Tryptase, a major constituent of mast cell secretory granules, has emerged recently as the most specific marker in vivo of mast cell activation in humans. Tryptase is a trypsin like serine protease that hydrolyzes peptide bonds on the C-terminal side of basic amino acids.
Mast cell tryptase activates protease-activated receptors (PAR) on sensory neurons, causing neuronal excitation and release of substance P. Steinhoff et al. (2003) have shown in their experiment that neuronal PAR-2 is involved in pruritus of human skin and that a histamine-independent, protease-dependent, PAR-2-mediated itch pathway may provide a new link to novel therapies for pruritus and cutaneous inflammation.
Certain neurogenic abnormalities have been reported in uremic patients. Abnormal innervation patterns as well as a reduced number and diminished functional activity of cutaneous fibers were shown in these patients. Mast cells in the dermis lie adjacent to afferent C neuron terminals and interactions between these structures may play an important role in UP. Proteases are pruritogenic substances and protease receptors have been described in the distal end of C fibers. The stimulation of these receptors causes a central pruritus sensation and releases substance P that in turn sensitizes mast cells.
In this study we aimed to evaluate the possible role of MCT enzyme in the pathogenesis of uremic pruritus by measuring its level in the serum of chronic hemodialysis patients with pruritus and to correlate its level with the severity of pruritus.

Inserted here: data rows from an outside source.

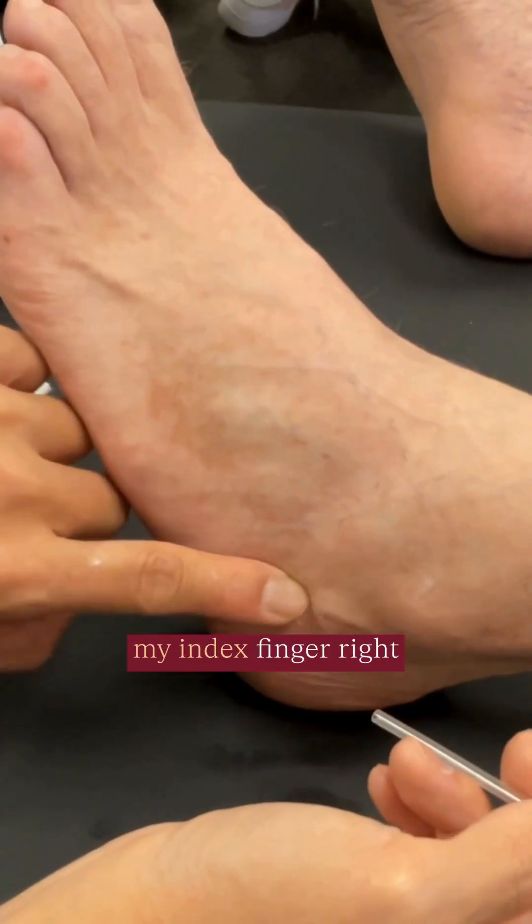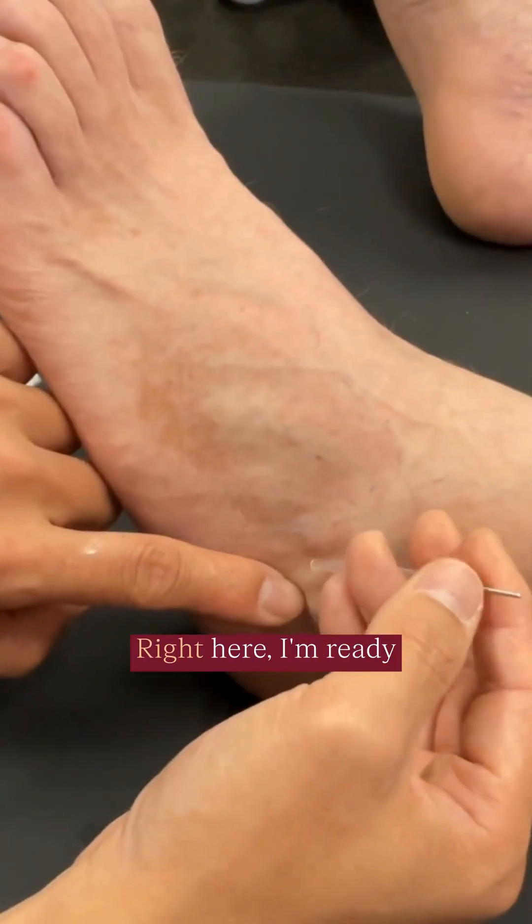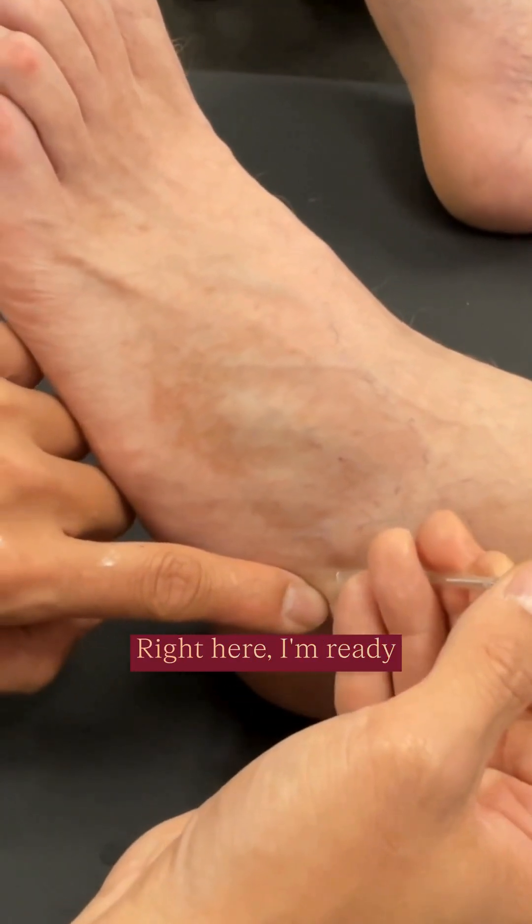I feel the nerve underneath my index finger right now. I go a little bit higher to try to avoid any veins. Right here — I'm ready to start now.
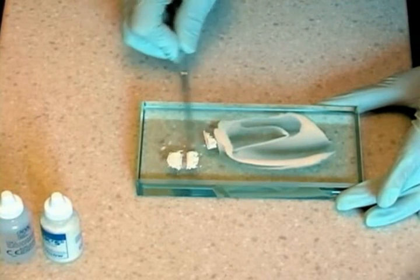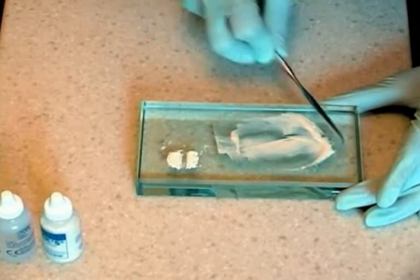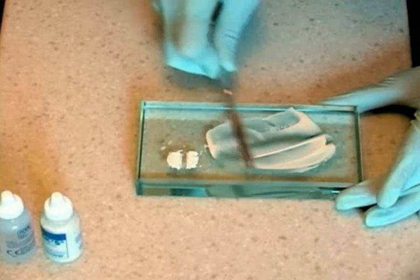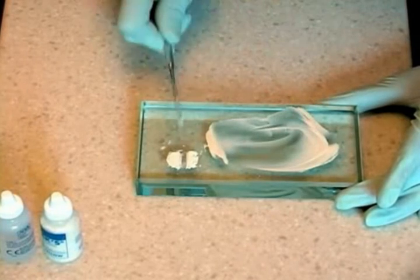Next, mix in the larger quarter sections using the same motion, spatulating for twenty seconds. Repeat for the remaining two quarter sections.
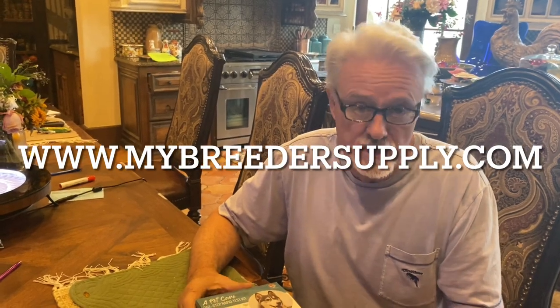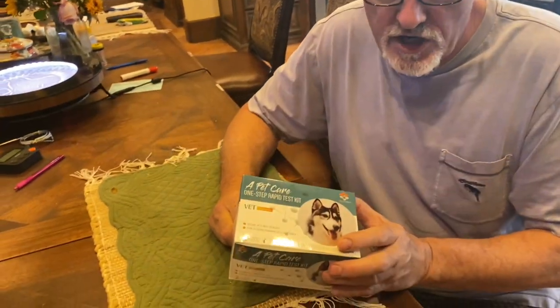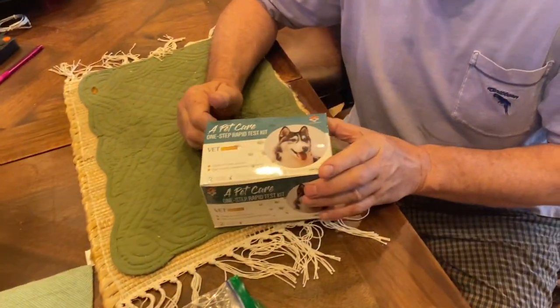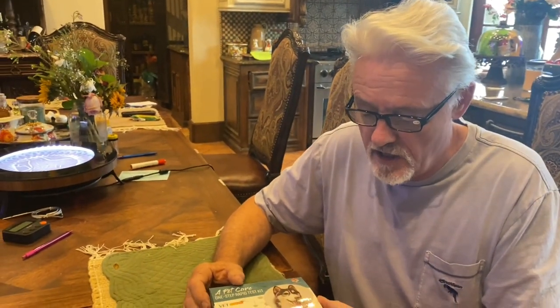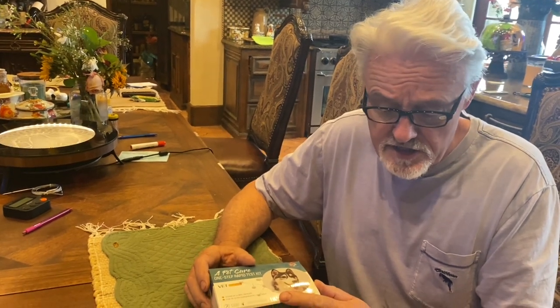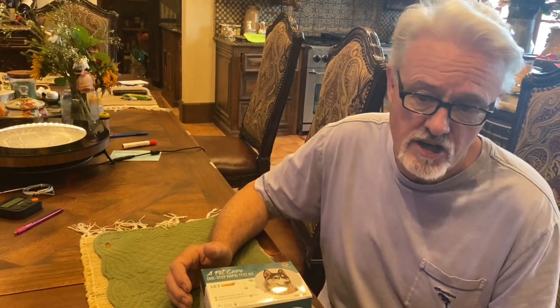We are going to do a Giardia test. We sell four different tests, and this one is for Giardia, which is a parasite that gets into the guts of dogs. It's very common for puppies and relatively easy to treat. It's not so easy to detect — you can quite often go to the vet and the vet says they don't see any Giardia, when in fact Giardia is present.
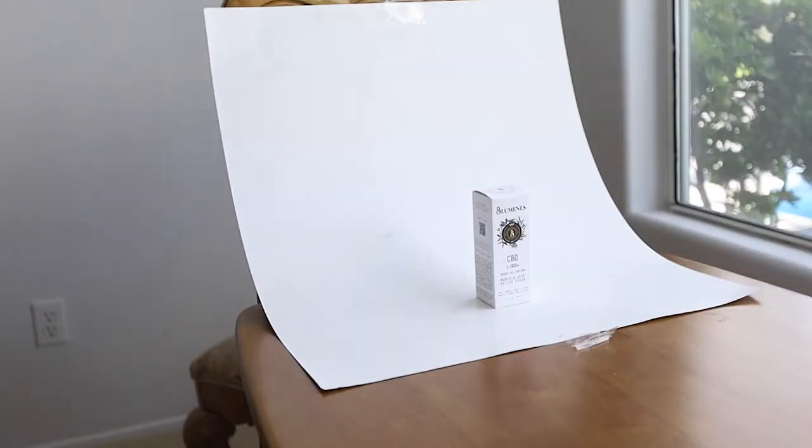The next thing you're going to want to do is get either a white piece of paper or a mirror. The point of this is to act as the fill light. The light is going to come through and then bounce off that sheet or the mirror and go back onto the product, so it's going to look very evenly lit. Any minor imperfections we can fix in post.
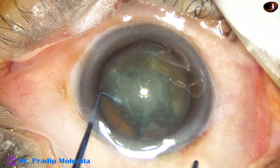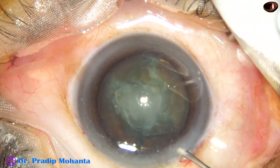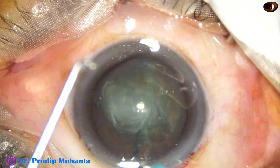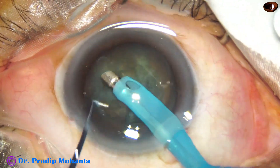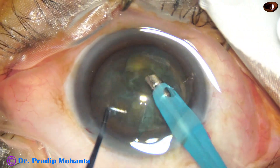Now I take the previous nucleus sustainer which is 1.7mm, which is a little less than the pre-chopper. This nucleus sustainer is 1.7mm and is easier for manipulation in the anterior chamber.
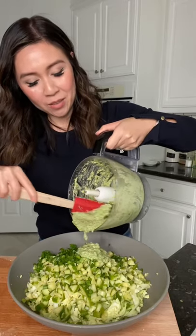Here is our green goddess dressing — new food trend alert! We have the green goddess salad. Let me show you how to make it. You only need half a head of cabbage, just chop it up.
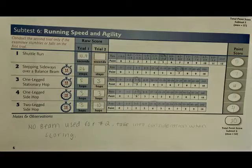This is the scoring manual for subtest number six. Each raw score was written down and given a total score. As you can see, Riley scored a total of 20 points out of a possible 52 points. It should be documented that no balance beam was used for item number two — instead, the item was completed with a designated line. We'll be right back.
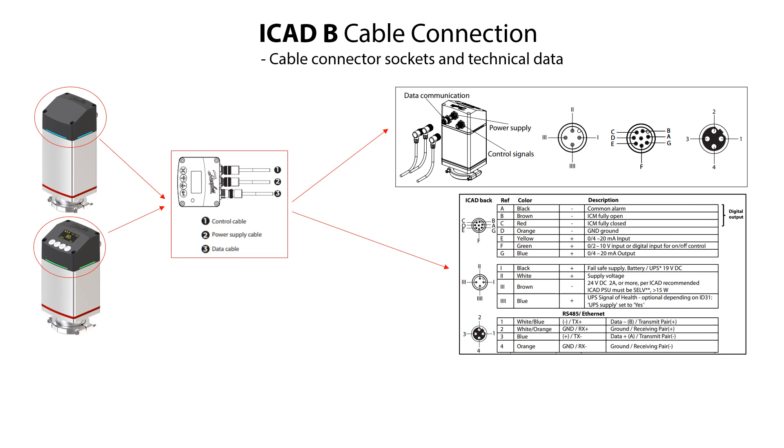Here you see the cable connector socket layout on the back of the ICAT-B actuator and the related technical data. The right-hand connector socket, here marked as number one, is for the control cable with control signals including both analog and digital input and output signals.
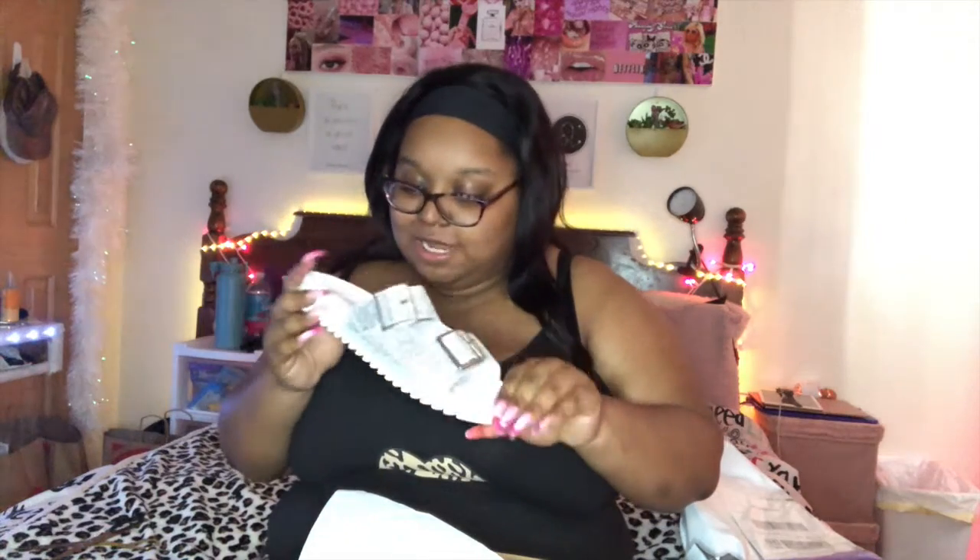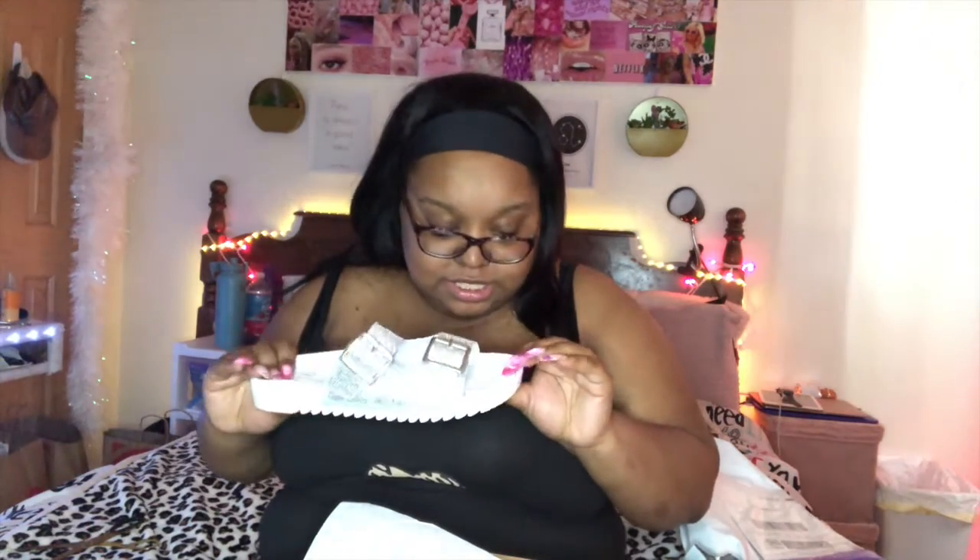I got them in white. I did get them in black before but I didn't like the black ones because for some reason this part felt like I was stepping on it weirdly. This is a size nine — I usually get a size bigger so it doesn't feel too tight. I love these shoes because of the rhinestones — a little sparkle, sparkle, sparkle!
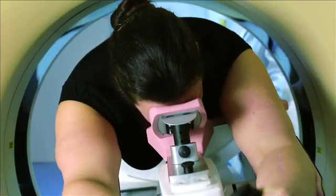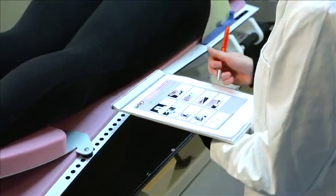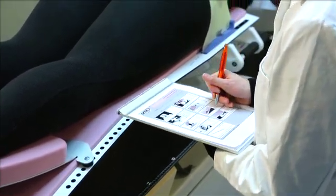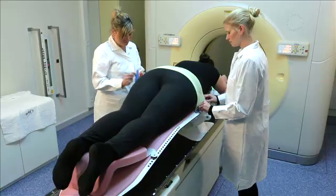When the scan is finished, mark the position of all the support structures in the patient's file. Leave the mask for a minimum of 10 minutes on the patient before removing it.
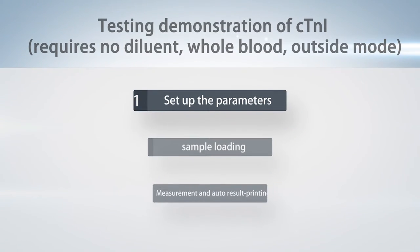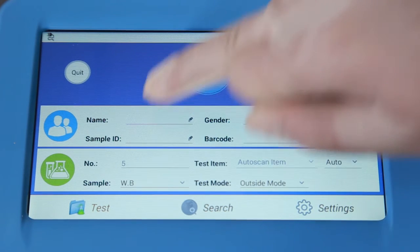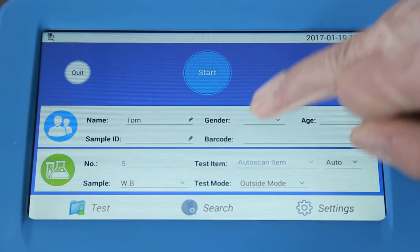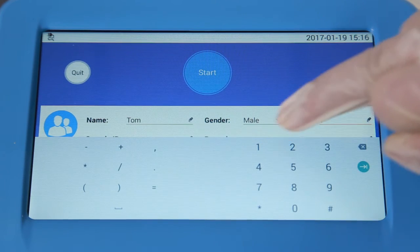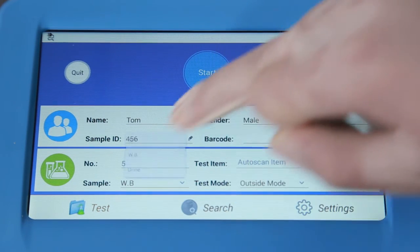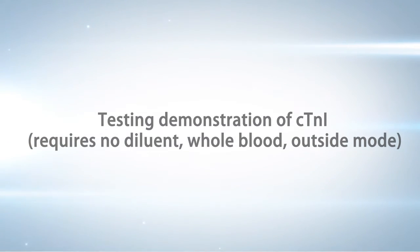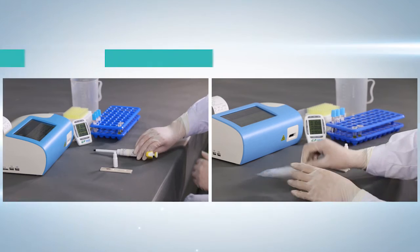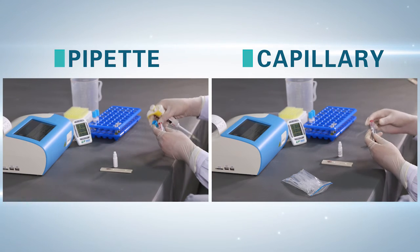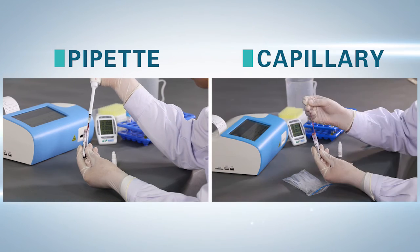Testing demonstration of CTNI: Step 1 — Set up the parameters on the main interface. Input patient information including name, sex, age, and ID. Choose whole blood and outside mode. Step 2 — Sample loading: take 100 microliter sample with a pipette or capillary.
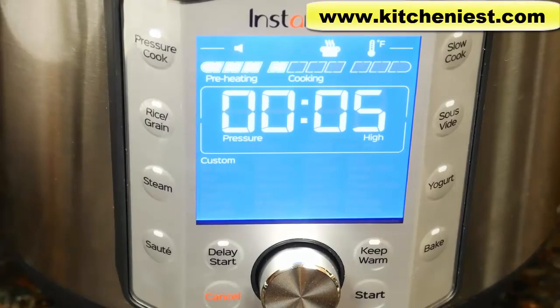Choose pressure cook, stick with custom, and cook for five minutes on high pressure. After about 11 minutes, the float valve popped up. The display shows five minutes and starts counting down — generally, the valve pops up and then a minute or two later the display starts counting down.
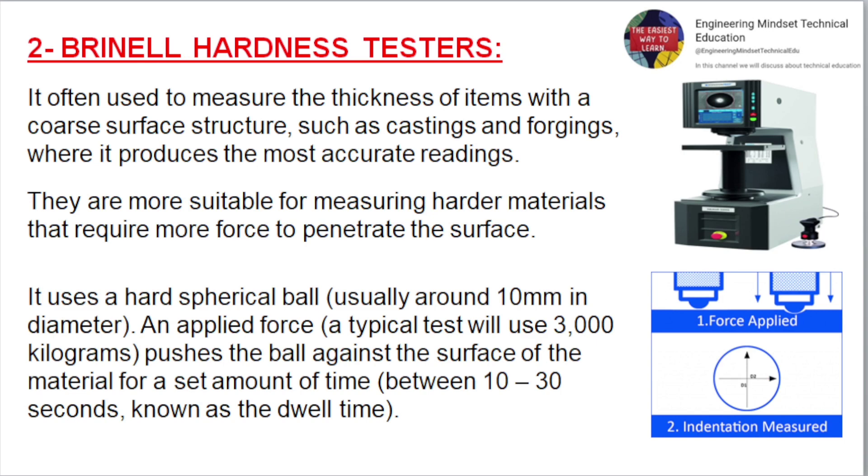Brinell Hardness Testers. Often used to measure items with a coarse surface structure, such as castings and forgings, where it produces the most accurate readings. They are more suitable for measuring harder materials that require more force to penetrate the surface. It uses a hard spherical ball, usually around 10 mm in diameter. A typical test applies 3000 kg of force, pushing the ball against the surface for a set dwell time of between 10 to 30 seconds.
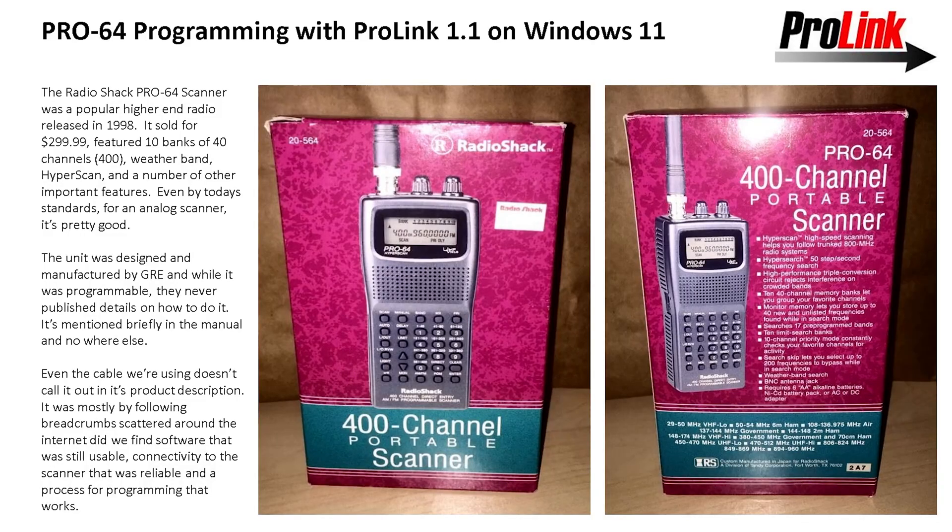This is a Radio Shack Pro 64 scanner. Back in the day, this was actually one of the top scanners that you could buy. It retailed in 1998 for about $300, had 400 channels which was a lot for the time, and it had a feature called HyperScan which basically means it scans really really fast. The unit was designed by a company called GRE, and they actually made most of the Radio Shack scanners. Occasionally you would see one by Uniden, but GRE was their go-to manufacturer.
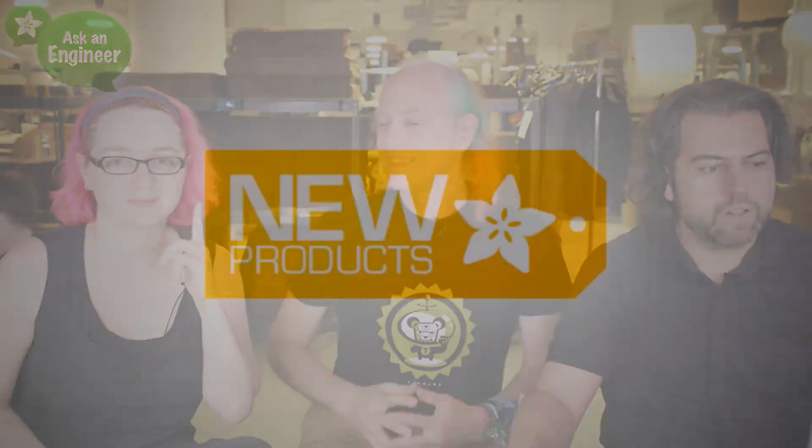Lady Ada, it's your time. You ready? Show these products off as fast as you can.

A total of 40 chronic hemodialysis patients 20 of them suffering from pruritus of different degrees (group I); 14 were male and 6 were female with age ranging from 22-72ys. And the other 20 without pruritus (group II); 15were male and 5 were female with age ranging from 20-68ys. And 10 age and sex matched healthy control subjects were included in the study.
Among the 40 chronic hemodialysis patients; the duration of RF ranged from 9 months to 15ys in group I of patients, and ranged from 2ys to 15ys in group II of patients. The cause of renal failure was unknown in 19 patients (47.5%), DM in 9 patients (22.5%), obstructive ”post renal causes” in 5 patients (12.5%), obstetric causes ”e.g. post partum hemorrhage and eclampsia” in 3 patients (7.5%) and hypertention (HTN) in 4 patients (10%).
Among the 20 chronic hemodialysis patients with pruritis (group I); the duration of pruritus ranged from 9 months to 10ys, the pruritus assessment score which evaluate the intensity of pruritus ranged from 3points to 9 points.
By using ELISA the serum level of total MCT enzyme was measured in both groups of patients (group I and II) and the control group.
On comparing both groups of patients and controls in this study there was a significant increase of the mean serum level of total MCT enzyme in chronic hemodialysis patients suffering from pruritus compared with controls, also there was increase of the mean serum level of total MCT enzyme in chronic hemodialysis patients without pruritus compared with controls but this difference was insignificant, on comparing the two groups of patients there was insignificant increase of mean serum level of total MCT enzyme in chronic hemodialysis patients with prurius than those without pruritus, when the three groups (hemodialysis patients with pruritus, hemodialysis patients without pruritus and the controls) were compared for the mean serum level of tryptase the difference was statistically significant .
There was a statistically significant correlation between the intensity of pruritis ”which measured by the ”PAS” and the mean serum level of the tryptase enzyme in the present study, the serum level of MCT enzyme among patients had no correlation with age, sex, duration of RF, cause of RF or duration of pruritus.